A little over 12 months ago, The New York Times famously dubbed 2012 “The Year of the MOOC.” What a difference 365 little days can make. Here at the back end of another calendar year, we wonder if 2013 might come to be thought of as “The Year of the Backlash” within the online higher education community.
Even Udacity's founder, Sebastian Thrun, one of the entrepreneurs whose businesses kicked off MOOC mania, seems to be getting into the backlash game.
According to Fast Company magazine, Thrun recently made the following observation regarding the evanescent hype surrounding MOOCs and his own company: "We were on the front pages of newspapers and magazines, and at the same time, I was realizing, we don't educate people as others wished, or as I wished. We have a lousy product."
Of course, the hype around this category hasn’t wholly abated. Coursera has just announced another $20 million infusion of venture capital. And MIT has just released a report embracing the disaggregation of the higher education value chain fomented by platforms such as edX.
But maybe Thrun is right. Maybe MOOCs are a lousy product – at least as initially conceived.

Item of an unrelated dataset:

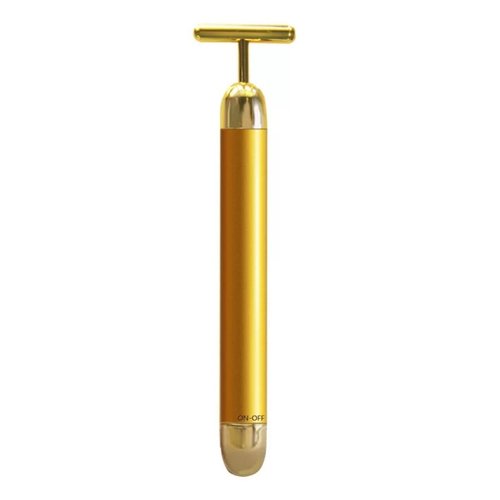 AnHua Beauty Massage 24K Golden Anti-Aging Pulse Skin Care Gold Facial Roller Massage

And even if MOOCs are meaningfully reimagined, the mark they have made on the public consciousness to date could have lasting repercussions for the broader field of online learning.
It seems like only last year (in fact it was) that some were crediting elite institutions with “legitimizing” online learning through their experimentation with MOOCs. But what if instead of legitimizing online learning, MOOCs actually delegitimized it?
Perhaps this is why, currently, 56 percent of employers say they prefer an applicant with a traditional degree from an average college to one with an online degree from a top institution, according to a Public Agenda survey undertaken earlier this year.
We’ve been following online learning for a long time, and collectively share experiences in teaching online, earning credentials online, writing about online learning, analyzing the online learning market, and serving as administrators inside a research university with a significant stake in online and hybrid delivery models.
While some MOOC enthusiasts might like you to believe that online learning appeared out of nowhere, sui generis, in 2012, the reality is that we’ve been bringing courses and degree programs online for more than 20 years. Hardly born yesterday, online learning has evolved slowly and steadily, taking these two decades to reach the approximately one-third of all higher education students who have taken at least one online course, and serving as the preferred medium of delivery for roughly one-sixth of all students. The pace of adoption of online learning – among institutions, students, faculty, and employers – has been remarkably steady.
The advent of this so-called “lousy product” – the MOOC – may be triggering a change, however. Indeed, recent survey evidence suggests that the acceptance of online learning among certain constituencies may be plateauing. Is it possible that a backlash against MOOCs could even precipitate a decline in the broader acceptance of online learning?
The long-running Babson Survey Research Group/Sloan-C surveys show relatively little change in faculty acceptance of online instruction between 2002, when they first measured it, and the most recent survey data available, from 2011. The percentage of chief academic officers that indicated they agreed with the statement “faculty at my school accept the value and legitimacy of online education” only grew from 28 percent in 2002, to 31 percent in 2009, and 32 percent in 2011. According to a more recent Inside Higher Ed/Gallup survey, “only one in five [faculty agree] that online courses can achieve learning outcomes equivalent to those of in-person courses.”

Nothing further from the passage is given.